Van Horn Ely, the defendant, called on cross-examination testified that on February 18, 1913, he received a letter from C. D. Halsey & Company, transmitting an offer from James D. Gallery for the stock and bonds of the light and power company, and the sale was made in accordance with Mr. Gallery’s offer, and defendant signed the agreement of sale. Halsey, who was a stranger to defendant, had met him the day before, and stated that he had had a conversation with Mr. Gallery about the light and power company, with reference to a possible purchase of its stock, or control of it in some way. Halsey stated that if he worked up a deal he would want a commission. Defendant told Halsey that the property was not for sale; that they didn’t consider it as being for sale, and that previous offers from Mr. Gallery’s companies had been declined. The next day at á meeting in the office of Starring & Company, the sale was consummated.

The testimony upon the part of plaintiff, if credited by the jury, established the fact of plaintiff’s employment as a broker to effect a sale of the stock and bonds in question. The evidence also showed acceptance by defendant of plaintiff’s agency, and ratification of his acts in attempting to negotiate a sale. The evidence further tended to show that plaintiff’s agency was the procuring cause of the sale. Plaintiff with defendant’s consent, shared his agency with Wheeler. The latter brought the matter to the attention of Mr. Orr, who in turn communicated the proposition to his superior officer, Mr. Gallery. He in turn sent Halsey to defendant, and the sale was arranged and consummated. All this took place within *55a period of less than three months. During the same-period plaintiff also saw Mr. Starring, a director of the Philadelphia company, who was potent in its affairs, and learned from him that the sale could be effected, if a satisfactory price could be made. This was made known to defendant, who took upon himself the negotiations as to price, and directed plaintiff and Wheeler to suspend their efforts for the time being. It did not appear that he in any way revoked their agency. This testimony, if accepted as verity by the jury, was sufficient to sustain a finding that plaintiff’s agency was the procuring cause of the sale. Furthermore the evidence was sufficient to support the inference that while the negotiations of plaintiff with the purchaser were under way, the defendant took them into his own hands, and completed the sale at a price equal to, or greater than the minimum to which plaintiff was limited. It is true that the testimony of plaintiff was contradicted in many particulars by that of defendant, but the credibility of the witnesses was for the jury.

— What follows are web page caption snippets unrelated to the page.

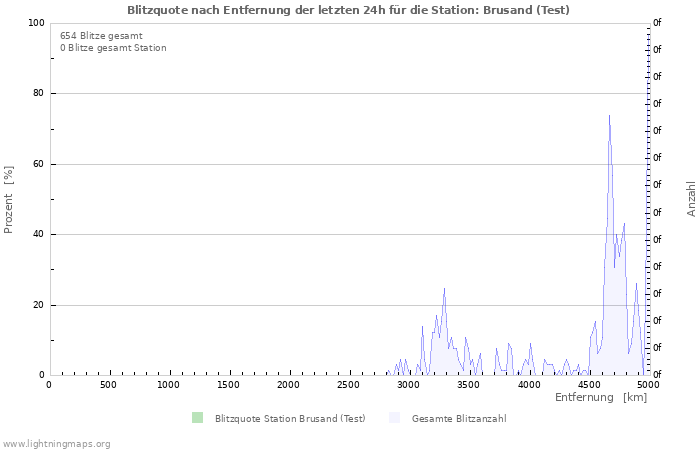 Diagramme: Blitzquote nach Entfernung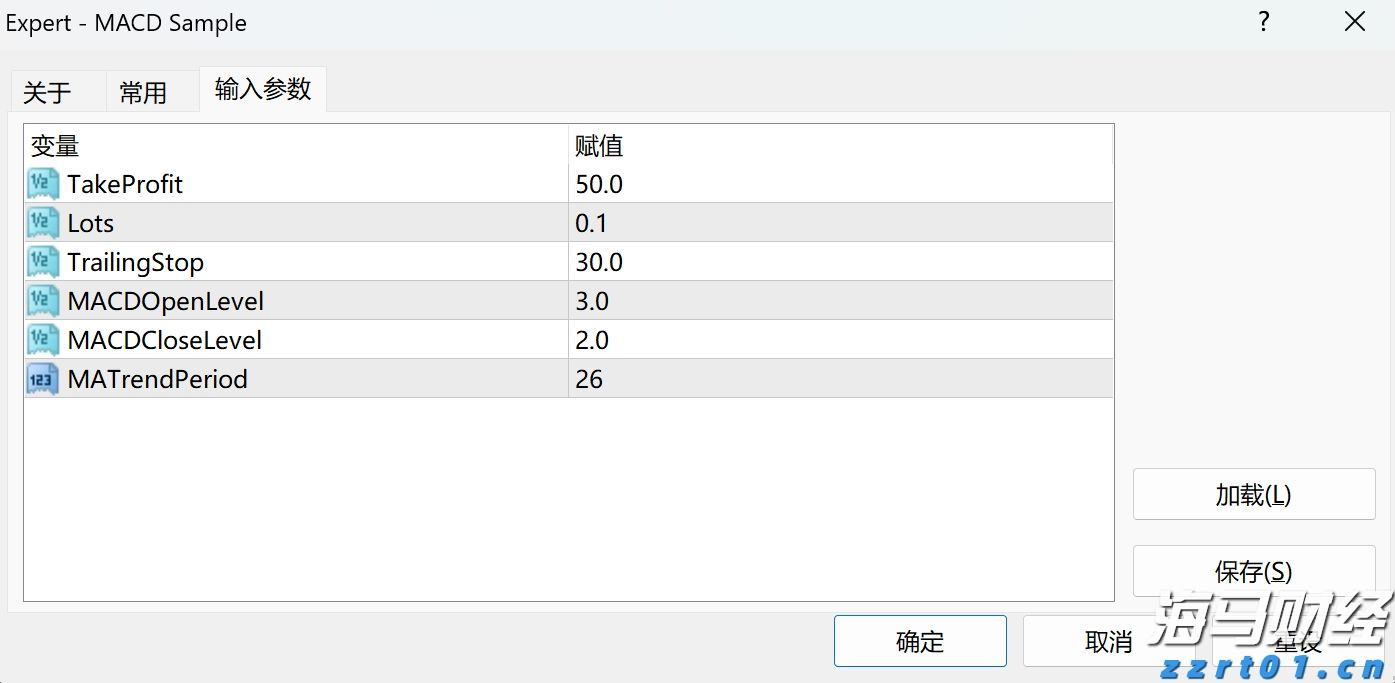 马库斯：天在下雨，就像受害者的眼泪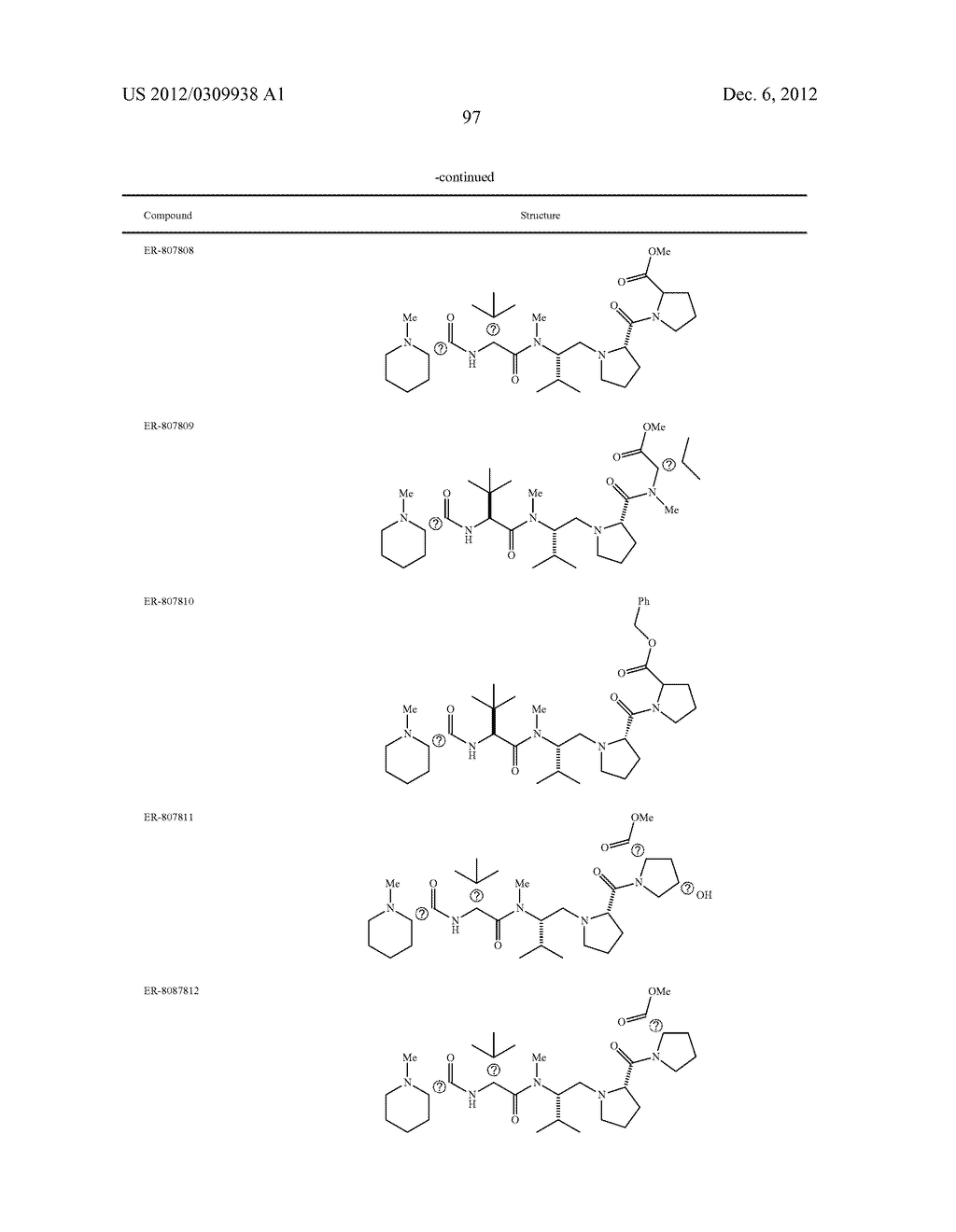 HEMIASTERLIN DERIVATIVES AND USES THEREOF IN THE TREATMENT OF CANCER - diagram, schematic, and image 98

From testimony offered on behalf of defendant, it appeared that J. G. Splane in the fall of 1912 made some attempts to purchase the property for an undisclosed principal. We see nothing in that, to affect plaintiff’s rights. According to his testimony, his only knowledge of such negotiations was confined to defendant’s statement to him that some unnamed broker had offered him $45,000.00 for the stock, but he had refused to entertain it and had driven him away and told him not to come back again. Under the doctrine of Earp v. Cummins, 54 Pa. 394, and the cases which follow it, Splane cannot be regarded as having contributed in any way to the sale and would not be entitled to a commission. But plaintiff’s testimony was that he (plaintiff) was employed expressly to sell to the Philadelphia company, or its subsidiary concern, the Allegheny County Light Company. Under the ruling in Speer v. Benedum-Trees Oil Co., 239 Pa. 180, this employment would entitle him to his com*56mission, if lie was the efficient cause of pending negotiations being brought to a successful issue, even though he may not have brought the parties together in the first instance.

Counsel for appellant argued at length that the trial judge erred in his qualified affirmance of certain points. We see no error in any of the qualifying statements. They were intended to aid the jury in properly applying the propositions set forth in the points, and they were all consistent with the theory that plaintiff could recover only in case it had been shown that his agency was the procuring cause of the sale.

The assignments of error are overruled, and the judgment is affirmed.